Everyone who tie-dyes has to do a spiral, sooner or later.
It's the modern cliché of tie-dyeing. You can make it your own by
applying the spiral to a garment you've already folded in two,
varying just where you place the center of the spiral, pleating the
center of the spiral horizontally or vertically a few times before
you begin the twist, or just
by making a very careful choice of colors.
How to Tie It
It's simple enough to do. You just pinch the cloth where you want
the center
of your spiral to be (try a spring-type clothes pin), then twist, then continue to twist; when the
cloth 'mountains' get more than an inch or two taller than the
'valleys', use your other (third?) hand to split each tall pleat
into two. Once you have the entire garment compacted into a flat
disk, no more than two inches thick, you put rubber bands or ties
around the disk, in several directions, to maintain its shape.
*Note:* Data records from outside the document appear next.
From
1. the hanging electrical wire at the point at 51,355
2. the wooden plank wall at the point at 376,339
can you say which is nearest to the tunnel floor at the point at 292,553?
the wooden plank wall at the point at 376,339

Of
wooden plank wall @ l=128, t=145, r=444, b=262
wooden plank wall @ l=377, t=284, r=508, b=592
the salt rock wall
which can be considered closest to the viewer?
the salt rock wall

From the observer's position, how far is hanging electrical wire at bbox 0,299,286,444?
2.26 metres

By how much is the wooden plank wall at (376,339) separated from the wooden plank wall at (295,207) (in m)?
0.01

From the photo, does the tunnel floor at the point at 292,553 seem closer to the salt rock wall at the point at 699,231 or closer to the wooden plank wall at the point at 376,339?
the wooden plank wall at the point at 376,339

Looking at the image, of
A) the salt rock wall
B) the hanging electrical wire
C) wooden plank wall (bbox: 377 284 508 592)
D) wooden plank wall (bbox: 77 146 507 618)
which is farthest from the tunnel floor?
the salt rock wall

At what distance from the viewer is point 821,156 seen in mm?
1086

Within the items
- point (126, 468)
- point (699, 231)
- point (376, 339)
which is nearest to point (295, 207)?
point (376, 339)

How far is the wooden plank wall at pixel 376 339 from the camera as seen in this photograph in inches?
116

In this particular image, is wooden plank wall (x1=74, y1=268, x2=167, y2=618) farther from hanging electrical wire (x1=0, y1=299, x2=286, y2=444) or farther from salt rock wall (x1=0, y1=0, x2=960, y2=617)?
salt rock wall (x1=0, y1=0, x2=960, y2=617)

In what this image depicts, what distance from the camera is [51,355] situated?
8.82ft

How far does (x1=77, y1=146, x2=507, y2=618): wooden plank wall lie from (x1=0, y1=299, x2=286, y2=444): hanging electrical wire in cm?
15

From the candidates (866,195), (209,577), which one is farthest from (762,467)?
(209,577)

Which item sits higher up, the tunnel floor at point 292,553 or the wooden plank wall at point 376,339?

The Challenge - Use Enough Dye!
The hard part, for a beginner, is getting enough dye into the tied garment. It's
common for an individual's first shirt to be mostly white with
just a few colored streaks, although before the shirt was untied,
it appeared to be solidly impregnated with dye. You really have
to squirt that dye right in between the folds of the cloth. If
it's not dripping out at the bottom, you're not using enough dye
(unless the mostly white look is your goal).
Applying the Dye
With the fabric twisted into a spiral, you make nice, even quadrants
of each color, like cutting a pie into six or eight pieces and coloring
each pice a different color. These turn into the twisted spiral when
the fabric is untwisted! The prettiest results come when adjacent
colors are in rainbow order - definitely study the color suggestions
near the bottom of How to
Tie Dye. The most eye-popping results are obtained by using thickener in your dye, so that you don't get muddy mixtures, and applying opposite colors (on two sides of the tied fabric disk, in the same section of the shirt. A stained-glass effect is obtained by applying black dye to one side and brightly colored dye to the other.
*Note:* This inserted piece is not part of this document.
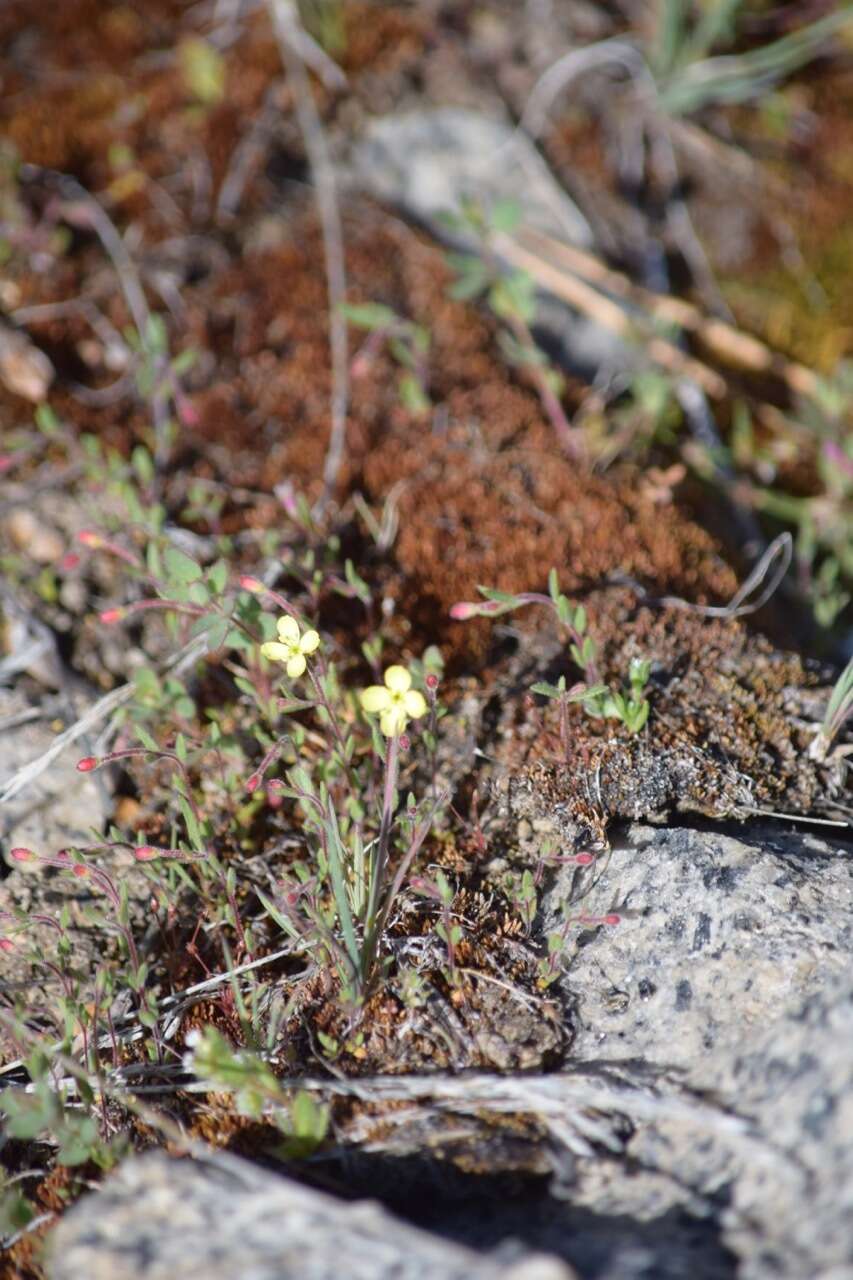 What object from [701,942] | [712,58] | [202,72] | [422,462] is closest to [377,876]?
[701,942]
You probably won't really need pictures to do the above, because
it is all trial and error, anyway. You can't know what works
best for you until you try it. However, if you want to
see pictures of how to do the ties, check out PROchem's illustrations
of tie dye folds,
and Rit's old Virtual
spiral (though you'll find the dyeing process much
easier if you use fiber reactive dyes such as Procion MX,
instead of Rit, which requires that you hold the disk of
fabric partially submerged in nearly-boiling water for a long
time). Finally, the best on-line step-by-step illustrations of how to tie-dye a spiral may be found in the Tie-Dye Wiki's tutorial on how to tie-dye a spiral.
Where to Learn More
Need more help? Buy a book! Sulfiati Harris's "Rainbow Tie Dye"
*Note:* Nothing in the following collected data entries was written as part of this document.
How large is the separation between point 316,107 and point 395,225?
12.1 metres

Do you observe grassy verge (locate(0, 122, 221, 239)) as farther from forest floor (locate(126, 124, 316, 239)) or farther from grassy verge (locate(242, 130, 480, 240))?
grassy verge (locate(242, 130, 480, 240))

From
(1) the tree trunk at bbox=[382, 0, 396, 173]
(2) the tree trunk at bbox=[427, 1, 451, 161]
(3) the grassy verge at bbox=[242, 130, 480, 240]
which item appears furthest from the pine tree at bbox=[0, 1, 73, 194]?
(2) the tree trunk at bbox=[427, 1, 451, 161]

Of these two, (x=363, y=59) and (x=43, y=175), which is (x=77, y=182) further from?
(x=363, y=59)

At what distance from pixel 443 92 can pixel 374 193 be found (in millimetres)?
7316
is under $5 at the Dharma Trading Company and provides an
excellent introduction. (See Source
for supplies.) Other good books that include the spiral fold include
Alice Niemiec et al.'s Tie-dye to Die for & Batik You Can't Resist Book and
either of Virginia Gleser's mostly interchangeable books, Tie Dye: Back by Popular Demand and Tie Dye! The How-To Book. (See
Books on Hand Dyeing and
Fabric Painting.)
Or even better, buy a DVD that demonstrates this and many other tie-dye folds. Michael Fowler's DVD, The Art of Tie-Dye shows you just about everything you could ask, but it is now out of print and hard to find. Another DVD, True Tie Dye's Tie Dye 101 - The Basics of Making Exceptional Tie Dye, is an ideal complete introduction to tie-dyeing for beginners and includes a clear demonstration of the spiral. Either of these DVDs - or both! - is the next best thing to an in-person demonstration; they will show you the details of exactly how to do it, far better than any book or web site can.